Step 6: Pack Up & Go Home. As they say, all good things must come to an end. Just as quickly as we set up, we packed up. The sack of keepers were thrown in the back of the truck and we started the journey home.

Step 7: Clean & Eat. Justin gets all the credit for cleaning the fish this time around. It’s a long and tedious process from what I’m told. But baby steps, right? Now I’ve learned how to catch ‘em, next time I can learn to clean ‘em. My share of fish is packaged and sitting in my freezer, which is soon to be devoured. 

Overall, this was a great experience and once again solidified the claim that Northwest Nebraska is an outdoors person’s haven. We spotted license plates from several surrounding states including Colorado and Wyoming, which only goes to show this is truly a tourism draw.
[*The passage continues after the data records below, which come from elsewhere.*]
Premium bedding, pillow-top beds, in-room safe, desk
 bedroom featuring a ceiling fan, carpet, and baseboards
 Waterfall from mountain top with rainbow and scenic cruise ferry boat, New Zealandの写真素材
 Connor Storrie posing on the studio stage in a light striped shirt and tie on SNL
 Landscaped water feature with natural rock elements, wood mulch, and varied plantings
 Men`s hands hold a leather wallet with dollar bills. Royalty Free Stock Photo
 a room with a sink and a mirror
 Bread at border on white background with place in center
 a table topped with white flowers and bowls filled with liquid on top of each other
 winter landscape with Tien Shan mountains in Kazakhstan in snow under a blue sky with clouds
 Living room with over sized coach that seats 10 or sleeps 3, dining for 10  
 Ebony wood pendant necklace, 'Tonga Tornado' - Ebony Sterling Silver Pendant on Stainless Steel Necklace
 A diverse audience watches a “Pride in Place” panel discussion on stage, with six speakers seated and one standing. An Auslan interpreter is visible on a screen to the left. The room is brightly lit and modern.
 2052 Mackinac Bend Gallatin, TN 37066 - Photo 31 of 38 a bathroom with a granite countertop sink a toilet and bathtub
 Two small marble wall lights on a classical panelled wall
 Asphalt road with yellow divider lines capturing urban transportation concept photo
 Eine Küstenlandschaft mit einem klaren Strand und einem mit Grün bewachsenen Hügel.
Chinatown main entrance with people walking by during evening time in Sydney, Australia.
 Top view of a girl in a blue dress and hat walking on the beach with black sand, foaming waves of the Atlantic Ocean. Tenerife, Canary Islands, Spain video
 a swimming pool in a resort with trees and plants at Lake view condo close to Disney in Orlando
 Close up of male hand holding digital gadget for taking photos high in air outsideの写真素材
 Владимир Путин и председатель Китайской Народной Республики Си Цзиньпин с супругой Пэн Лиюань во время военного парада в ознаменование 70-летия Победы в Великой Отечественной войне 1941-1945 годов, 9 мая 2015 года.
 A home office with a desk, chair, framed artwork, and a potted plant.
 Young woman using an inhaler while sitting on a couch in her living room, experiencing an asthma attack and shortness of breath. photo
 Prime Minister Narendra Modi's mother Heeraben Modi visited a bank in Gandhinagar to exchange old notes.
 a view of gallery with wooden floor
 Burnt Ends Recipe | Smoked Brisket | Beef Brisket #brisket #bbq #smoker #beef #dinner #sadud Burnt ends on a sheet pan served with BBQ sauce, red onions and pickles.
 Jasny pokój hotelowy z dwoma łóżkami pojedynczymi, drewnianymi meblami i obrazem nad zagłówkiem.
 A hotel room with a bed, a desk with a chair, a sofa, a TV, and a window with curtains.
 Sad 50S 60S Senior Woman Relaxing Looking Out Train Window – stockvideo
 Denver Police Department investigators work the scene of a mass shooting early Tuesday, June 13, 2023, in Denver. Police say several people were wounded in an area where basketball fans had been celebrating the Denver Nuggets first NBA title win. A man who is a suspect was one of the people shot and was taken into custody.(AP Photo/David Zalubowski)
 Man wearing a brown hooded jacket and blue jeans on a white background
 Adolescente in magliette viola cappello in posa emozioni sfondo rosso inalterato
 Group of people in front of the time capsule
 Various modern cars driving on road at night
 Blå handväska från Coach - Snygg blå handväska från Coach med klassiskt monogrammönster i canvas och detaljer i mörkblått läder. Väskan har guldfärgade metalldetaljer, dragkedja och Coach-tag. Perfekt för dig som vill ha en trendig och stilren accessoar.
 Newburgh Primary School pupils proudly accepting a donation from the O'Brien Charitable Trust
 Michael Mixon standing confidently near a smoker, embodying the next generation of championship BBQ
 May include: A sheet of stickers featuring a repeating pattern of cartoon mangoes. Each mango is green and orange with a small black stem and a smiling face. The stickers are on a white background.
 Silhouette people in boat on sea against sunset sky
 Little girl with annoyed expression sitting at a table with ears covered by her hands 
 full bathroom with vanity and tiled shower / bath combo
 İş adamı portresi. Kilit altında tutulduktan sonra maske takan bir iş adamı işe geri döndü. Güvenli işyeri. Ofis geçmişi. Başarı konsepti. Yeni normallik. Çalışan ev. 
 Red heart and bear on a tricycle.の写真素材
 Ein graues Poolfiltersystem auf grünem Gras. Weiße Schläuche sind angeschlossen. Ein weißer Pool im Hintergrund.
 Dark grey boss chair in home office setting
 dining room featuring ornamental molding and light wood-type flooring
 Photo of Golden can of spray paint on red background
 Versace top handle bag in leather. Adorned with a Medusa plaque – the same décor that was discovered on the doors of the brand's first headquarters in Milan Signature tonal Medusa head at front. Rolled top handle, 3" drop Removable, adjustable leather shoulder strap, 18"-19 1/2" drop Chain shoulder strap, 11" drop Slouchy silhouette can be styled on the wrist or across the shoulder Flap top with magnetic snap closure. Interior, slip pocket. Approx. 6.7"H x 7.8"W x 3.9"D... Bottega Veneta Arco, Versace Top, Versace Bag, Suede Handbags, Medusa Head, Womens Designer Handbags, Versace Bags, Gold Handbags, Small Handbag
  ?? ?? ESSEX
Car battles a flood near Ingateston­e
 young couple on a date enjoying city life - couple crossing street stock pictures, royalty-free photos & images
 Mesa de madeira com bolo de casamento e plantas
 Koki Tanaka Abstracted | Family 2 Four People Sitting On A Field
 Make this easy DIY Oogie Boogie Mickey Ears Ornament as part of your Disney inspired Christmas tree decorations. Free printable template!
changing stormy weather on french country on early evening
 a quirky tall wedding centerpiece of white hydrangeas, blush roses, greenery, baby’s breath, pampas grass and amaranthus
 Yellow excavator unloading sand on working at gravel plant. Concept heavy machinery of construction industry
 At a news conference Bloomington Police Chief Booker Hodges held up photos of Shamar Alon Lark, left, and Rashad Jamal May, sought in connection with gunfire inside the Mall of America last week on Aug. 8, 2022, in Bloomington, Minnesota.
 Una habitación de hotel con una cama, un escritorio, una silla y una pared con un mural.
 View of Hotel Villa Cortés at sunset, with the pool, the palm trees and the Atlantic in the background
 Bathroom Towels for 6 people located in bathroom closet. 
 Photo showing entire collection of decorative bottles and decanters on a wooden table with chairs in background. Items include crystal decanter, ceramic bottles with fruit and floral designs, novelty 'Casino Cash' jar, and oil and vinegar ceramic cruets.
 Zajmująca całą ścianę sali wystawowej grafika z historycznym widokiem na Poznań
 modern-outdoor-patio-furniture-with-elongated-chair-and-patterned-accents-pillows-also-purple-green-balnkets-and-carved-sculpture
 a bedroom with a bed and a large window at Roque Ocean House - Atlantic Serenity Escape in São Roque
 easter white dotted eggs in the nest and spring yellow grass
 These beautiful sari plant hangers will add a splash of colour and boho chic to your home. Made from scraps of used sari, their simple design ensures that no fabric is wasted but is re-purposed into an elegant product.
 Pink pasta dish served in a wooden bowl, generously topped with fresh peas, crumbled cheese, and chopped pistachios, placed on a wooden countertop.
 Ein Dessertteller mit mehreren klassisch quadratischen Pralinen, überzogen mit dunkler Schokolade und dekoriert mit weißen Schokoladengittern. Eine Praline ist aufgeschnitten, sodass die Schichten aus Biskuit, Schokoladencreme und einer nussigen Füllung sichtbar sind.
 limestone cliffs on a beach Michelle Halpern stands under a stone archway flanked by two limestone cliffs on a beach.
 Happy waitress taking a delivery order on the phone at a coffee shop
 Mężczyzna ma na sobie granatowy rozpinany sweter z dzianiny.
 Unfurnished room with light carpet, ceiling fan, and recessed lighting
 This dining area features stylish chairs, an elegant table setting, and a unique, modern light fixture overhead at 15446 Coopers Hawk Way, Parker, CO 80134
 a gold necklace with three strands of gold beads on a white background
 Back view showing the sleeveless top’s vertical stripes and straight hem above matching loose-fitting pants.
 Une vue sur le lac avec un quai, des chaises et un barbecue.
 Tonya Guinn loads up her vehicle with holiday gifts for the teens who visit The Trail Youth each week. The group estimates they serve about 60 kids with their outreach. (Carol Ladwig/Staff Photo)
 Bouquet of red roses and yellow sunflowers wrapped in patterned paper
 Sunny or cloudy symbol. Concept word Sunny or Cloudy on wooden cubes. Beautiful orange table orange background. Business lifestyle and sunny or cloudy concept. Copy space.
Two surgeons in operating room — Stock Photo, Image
I look forward to expanding my skills in the future and hope others are encouraged to get out on that Northwest Nebraska ice.

Happy ice fishing (while you still can)!

Kristina Harter holds up on of the bluegill caught at Box Butte Reservoir. Photo by Justin Haag.

 

FAQ

How think should the ice be?
At least four inches.

How do you stand the cold?

Dressing properly is the key to a long and comfortable day on the ice. Here are some important tips:

 – Start with thin layers, then layer-on the heavier cloths on top. Good thermal underwear the first layer. The longer you can keep your core warm the longer your extremities will stay warm.

  • Make sure you can move around freely. If you’re feeling restrained, lighten up on the layers.
  • Layer the short socks, but you shouldn’t need to layer up from your foot much, unless you wear short boots.
  • Wear warm high boots that will keep cold and wetness out.
  • A good ice fishing suit is the best, but deer hunting gear or good ski/snowboard wear will suffice. Often just a good pair of winter bibs is all you need besides a regular jacket or sweatshirt on top of you layers.
  • Make sure you have a hooded jacket and a good hat that covers your ears.
  • If you plan on fishing outside, wear thin waterproof gloves if you can’t fish glove-free. Keep them on unless you need to change bait or re-tie.
  • If you gotta pee, go pee. You get cold when you’re holding it in. Many lakes have public restrooms even open though the winter.

How do you find good places to go fish?

Make friends with an expert. Or see where other anglers are congregating and go near them. Often a lake will be either “hot” or “not”, so you don’t necessarily need to dive into the crowd.